Answer :
Let's tackle the problem step by step:
1. Crossing a Heterozygous Male with a Homozygous Recessive Female:
- The male has the genotype Ww, meaning he has one dominant allele (W) and one recessive allele (w).
- The female is homozygous recessive with a genotype of ww, meaning she has two recessive alleles (w and w).
We can use a Punnett square to determine the potential genotypes of their offspring:
```
| | W | w |
|---|-----|-----|
| w | Ww | ww |
| w | Ww | ww |
```
From the Punnett square, we can see the possible genotypes of the offspring:
- Two boxes (Ww) represent heterozygous offspring.
- Two boxes (ww) represent homozygous recessive offspring.
So, there is a chance that 2 out of the 4 possible combinations will result in heterozygous offspring. This means 50% or 0.5 of the offspring will be heterozygous.
2. Crossing a Heterozygous Individual (WW) with a Homozygous Dominant (WW):
- WW indicates the genotype where both alleles are dominant.
- Since both parents have the genes WW, their offspring's possible genotypes are determined as follows:
```
| | W | W |
|---|-----|-----|
| W | WW | WW |
| W | WW | WW |
```
Here, all possible combinations (WW) are homozygous dominant. There are no homozygous recessive (ww) combinations possible from this cross.
Therefore, the probability of having a homozygous recessive offspring is 0.
In conclusion, when a heterozygous male (Ww) mates with a homozygous recessive female (ww), 50% of the offspring will be heterozygous (Ww). Similarly, when a homozygous dominant individual (WW) is crossed with another homozygous dominant (WW), there is a 0% chance of producing homozygous recessive offspring.
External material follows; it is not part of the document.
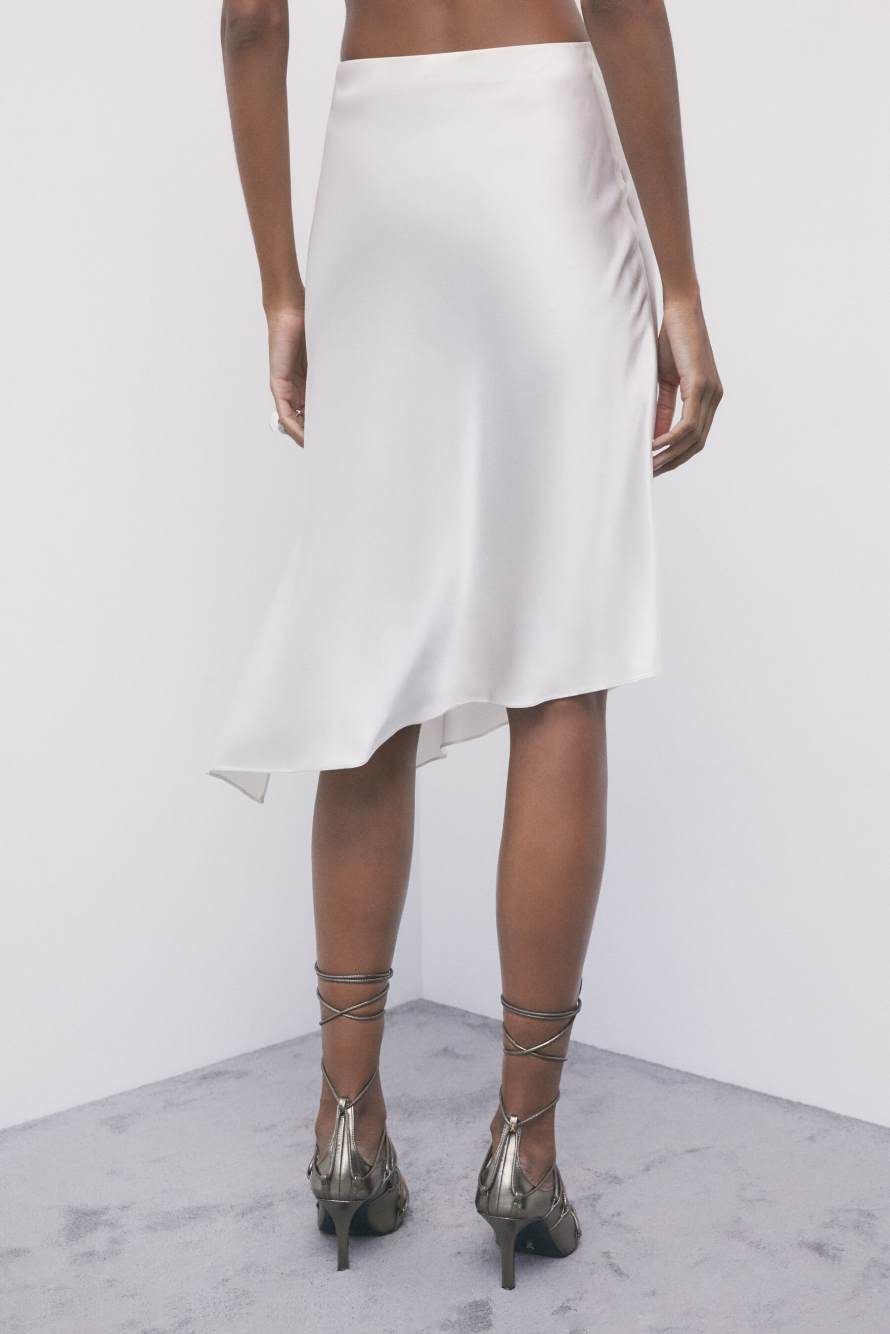 Asymmetrical silk midi skirt, White, Patrizia Pepe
1. Crossing a Heterozygous Male with a Homozygous Recessive Female:
- The male has the genotype Ww, meaning he has one dominant allele (W) and one recessive allele (w).
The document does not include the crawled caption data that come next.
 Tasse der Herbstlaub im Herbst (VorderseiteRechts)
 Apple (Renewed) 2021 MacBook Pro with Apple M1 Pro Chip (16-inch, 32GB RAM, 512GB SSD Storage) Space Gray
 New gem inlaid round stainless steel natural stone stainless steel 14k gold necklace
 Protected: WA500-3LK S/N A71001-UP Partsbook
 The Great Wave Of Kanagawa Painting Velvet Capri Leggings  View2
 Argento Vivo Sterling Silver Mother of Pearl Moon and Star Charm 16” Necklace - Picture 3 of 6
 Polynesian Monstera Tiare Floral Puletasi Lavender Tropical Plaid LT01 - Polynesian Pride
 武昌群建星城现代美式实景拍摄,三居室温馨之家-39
- The female is homozygous recessive with a genotype of ww, meaning she has two recessive alleles (w and w).
We can use a Punnett square to determine the potential genotypes of their offspring:
```
| | W | w |
|---|-----|-----|
| w | Ww | ww |
| w | Ww | ww |
```
From the Punnett square, we can see the possible genotypes of the offspring:
- Two boxes (Ww) represent heterozygous offspring.
- Two boxes (ww) represent homozygous recessive offspring.
So, there is a chance that 2 out of the 4 possible combinations will result in heterozygous offspring. This means 50% or 0.5 of the offspring will be heterozygous.
2. Crossing a Heterozygous Individual (WW) with a Homozygous Dominant (WW):
- WW indicates the genotype where both alleles are dominant.
- Since both parents have the genes WW, their offspring's possible genotypes are determined as follows:
```
| | W | W |
|---|-----|-----|
| W | WW | WW |
| W | WW | WW |
```
Here, all possible combinations (WW) are homozygous dominant. There are no homozygous recessive (ww) combinations possible from this cross.
Therefore, the probability of having a homozygous recessive offspring is 0.
In conclusion, when a heterozygous male (Ww) mates with a homozygous recessive female (ww), 50% of the offspring will be heterozygous (Ww). Similarly, when a homozygous dominant individual (WW) is crossed with another homozygous dominant (WW), there is a 0% chance of producing homozygous recessive offspring.